Virginia is making a confession. She can't live with keeping the truth behind the catastrophic events, the horrible happenstances that have hit her family and community, a secret any longer. She uploads her version of events for the Washington police and waits for her husband, the Vision, to arrive home. 
It's the end of the road for this twelve-issue maxi-series from writer Tom King, artist Gabriel Hernandez Walta, colourist Jordie Bellaire, letter Clayton Cowles and editors Charles Beacham and Wil Moss. I'm listing everyone together for once because although this book is very much King's vision - sorry - the execution, as King would be be the first to admit, took a village. A village of talented creatives taking the spark of King's imagination and fanning it into a very special flame. A flame of life, as four synthezoids - artificial humans - experienced some very real emotions. The Vision's experiment to create the perfect family after blanking out the feelings that had evolved in him over the years has well and truly failed. But in a magnificent way.
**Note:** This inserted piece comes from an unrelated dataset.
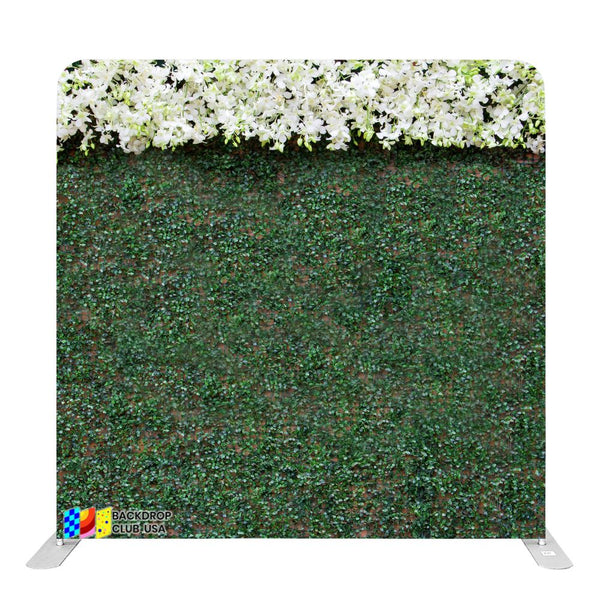 8ft x 8ft Greenery Wall with Floral Accents Turf with White Flower Pillow Tension Fabric Backdrop Rental Per Day (#36)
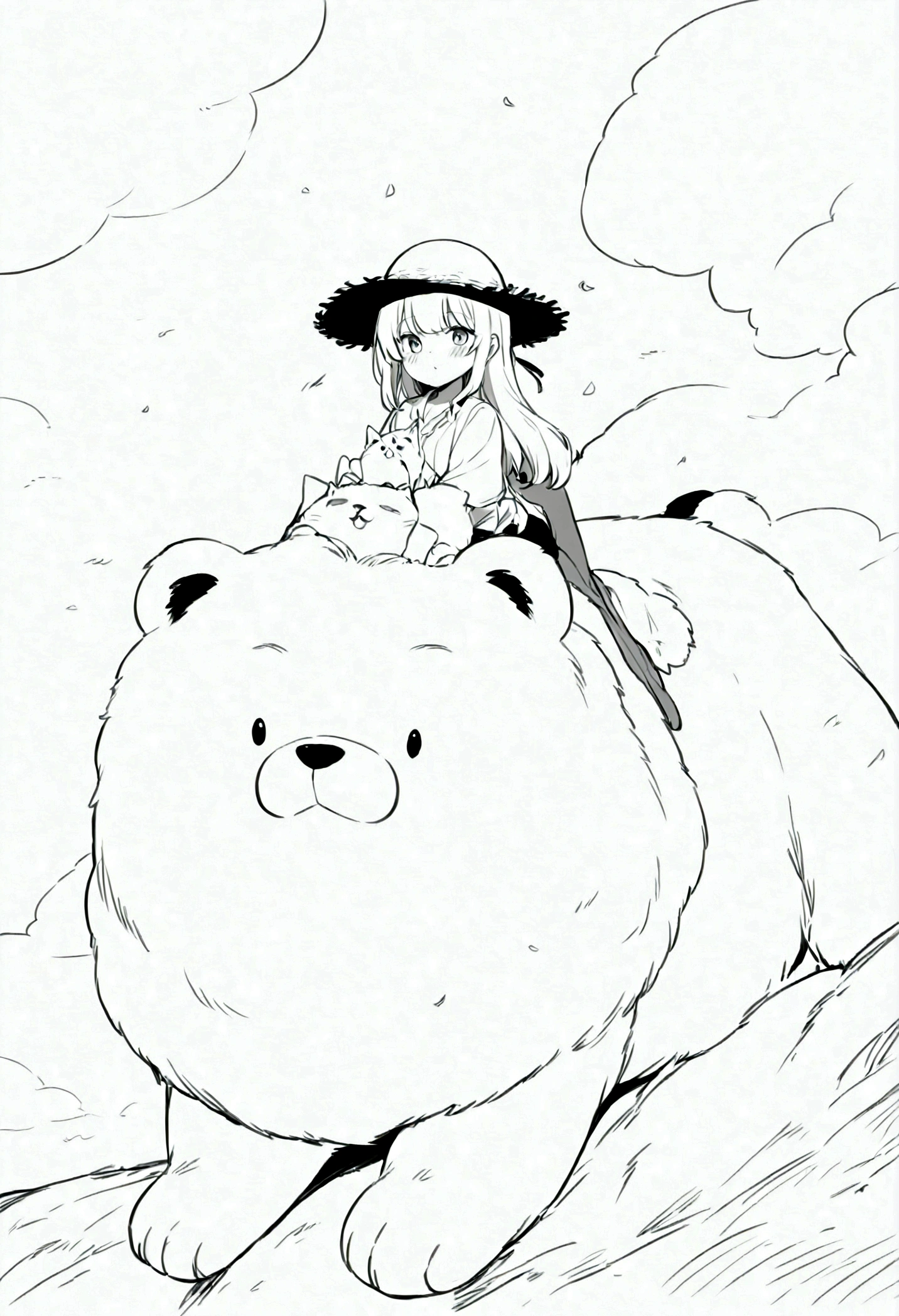 Bear wearing a straw hat Cat riding on a bear An illustration Monochrome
King, Walta and co show us that while chaos may come knocking on the Vision family's suburban door, it's the human spirit that answers. 

King's words and Walta's images blend wonderfully to provoke reactions - pity, shock, melancholy and finally, wonder, wonder at the resilience of the characters and wonder that there are still new stories to be told in the superhero genre. 

So does this final issue, which kicks off with another gorgeous, ironic cover by Michael Del Mundo, seal the series with a bow, or a noose? That's for you to find out... it's my favourite Marvel series in a long while and who knows, it may be yours too.